Provided entries
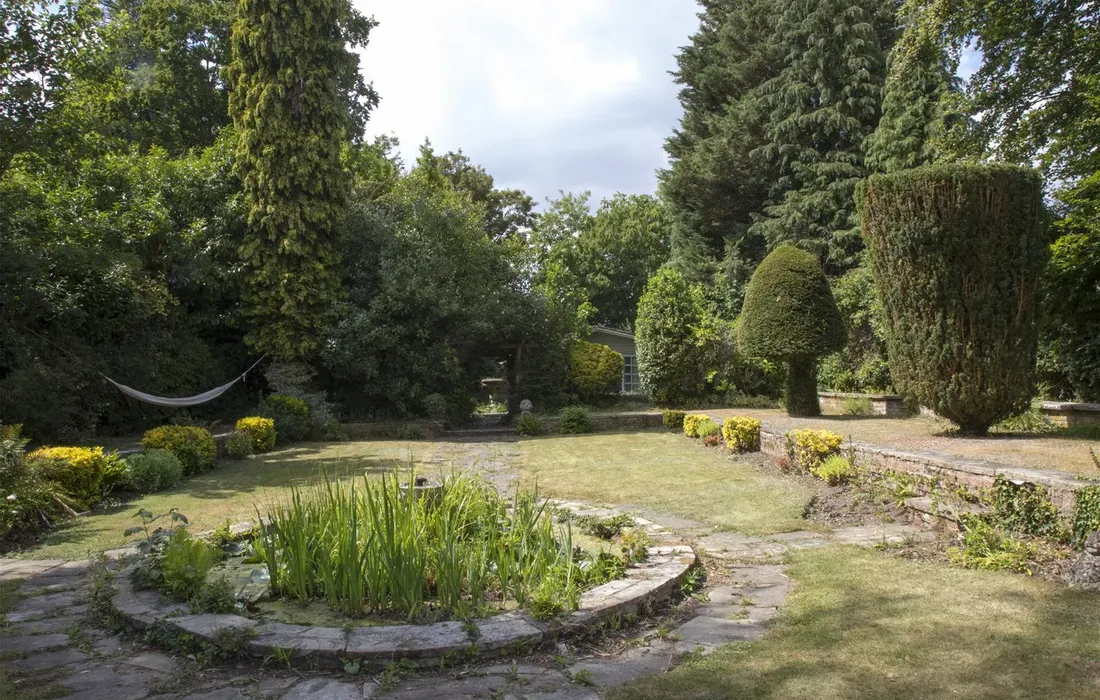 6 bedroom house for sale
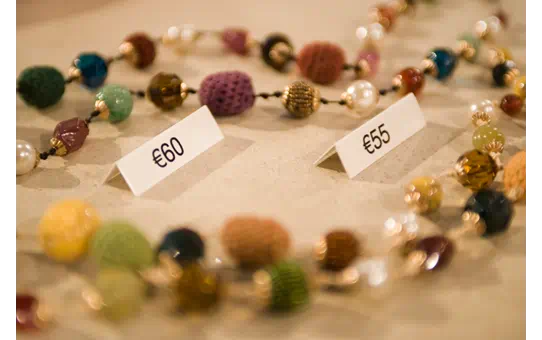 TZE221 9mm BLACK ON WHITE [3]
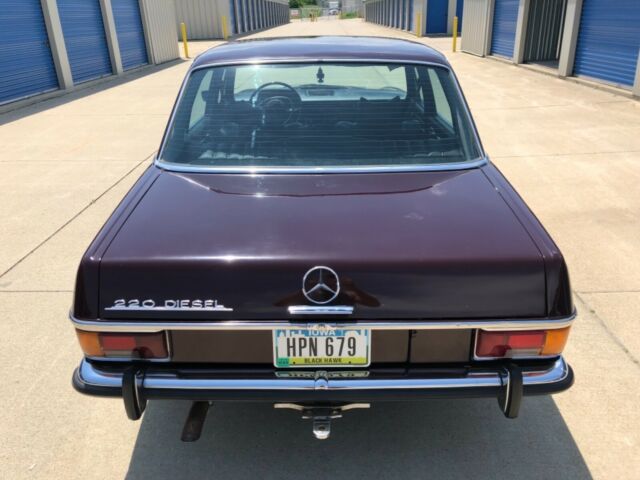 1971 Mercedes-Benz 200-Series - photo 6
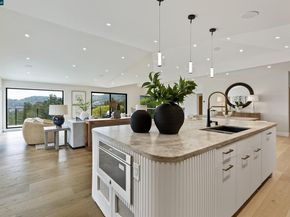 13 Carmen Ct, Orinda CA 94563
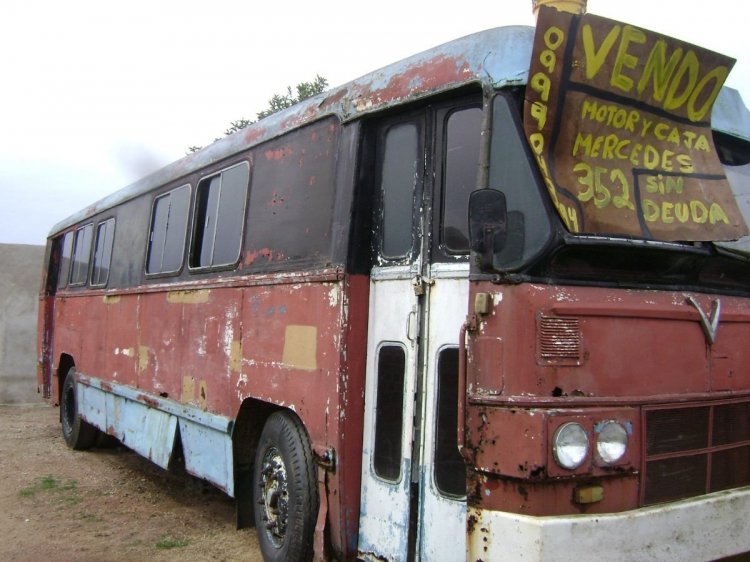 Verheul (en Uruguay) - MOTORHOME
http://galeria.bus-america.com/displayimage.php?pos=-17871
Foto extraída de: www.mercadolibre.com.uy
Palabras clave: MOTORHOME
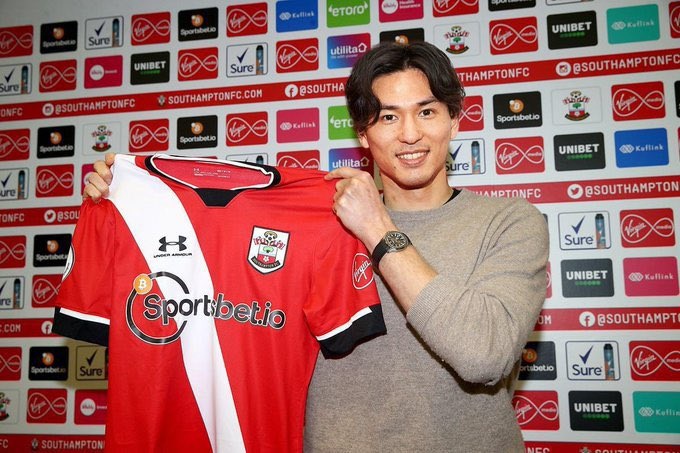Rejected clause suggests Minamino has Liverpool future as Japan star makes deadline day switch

--

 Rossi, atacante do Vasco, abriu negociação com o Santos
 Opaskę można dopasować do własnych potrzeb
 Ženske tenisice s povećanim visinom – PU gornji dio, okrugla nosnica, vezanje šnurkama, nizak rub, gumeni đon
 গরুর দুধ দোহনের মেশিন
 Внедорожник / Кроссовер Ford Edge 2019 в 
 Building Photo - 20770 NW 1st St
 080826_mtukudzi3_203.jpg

...

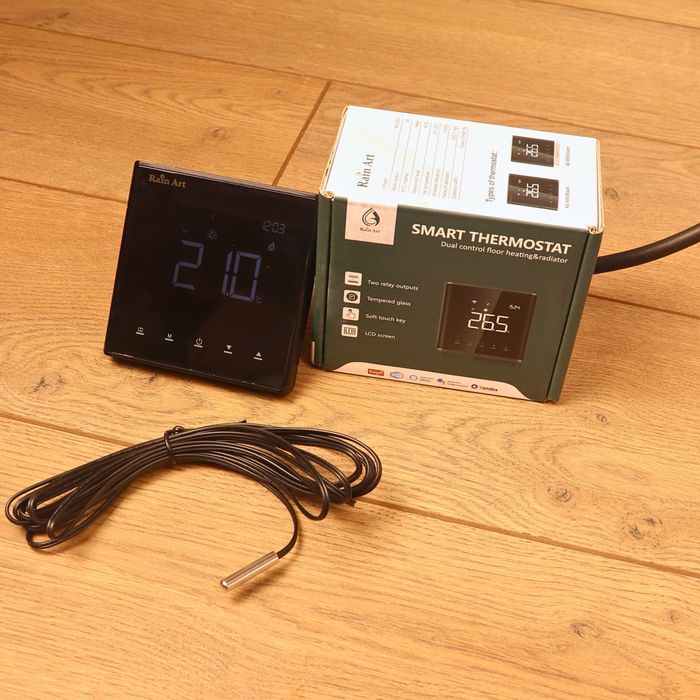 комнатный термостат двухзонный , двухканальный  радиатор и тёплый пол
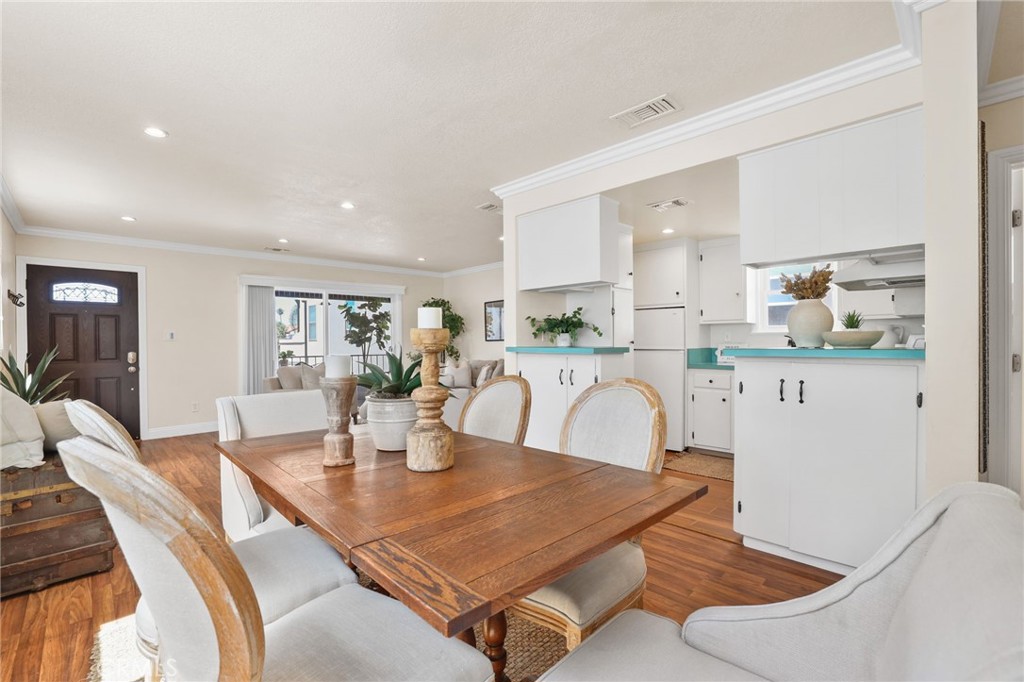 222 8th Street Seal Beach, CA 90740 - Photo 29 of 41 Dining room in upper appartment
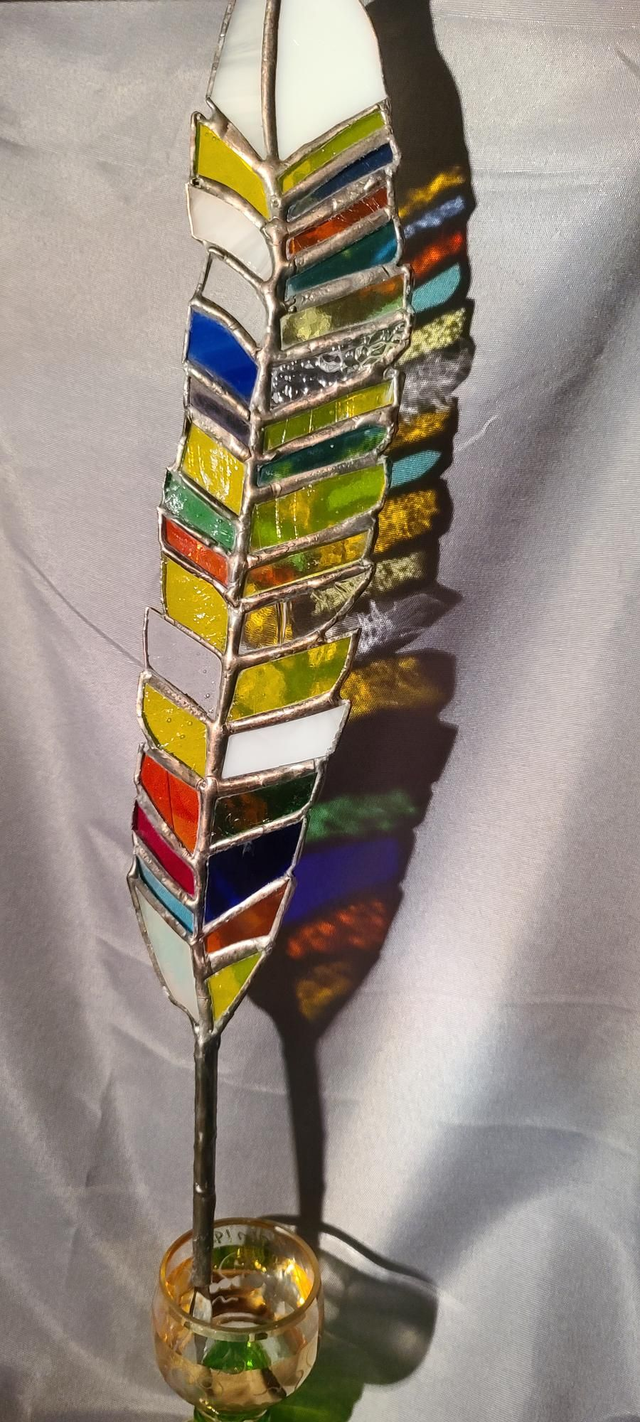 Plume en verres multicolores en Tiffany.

Problem requirements
The material above holds pictures; leave them out and set down exactly the lines from the line with "6 bedroom house for sale" to the line with "Foto extraída de: www.mercadolibre.com.uy", both included.

Written answer
 6 bedroom house for sale
 TZE221 9mm BLACK ON WHITE [3]
 1971 Mercedes-Benz 200-Series - photo 6
 13 Carmen Ct, Orinda CA 94563
 Verheul (en Uruguay) - MOTORHOME
http://galeria.bus-america.com/displayimage.php?pos=-17871
Foto extraída de: www.mercadolibre.com.uy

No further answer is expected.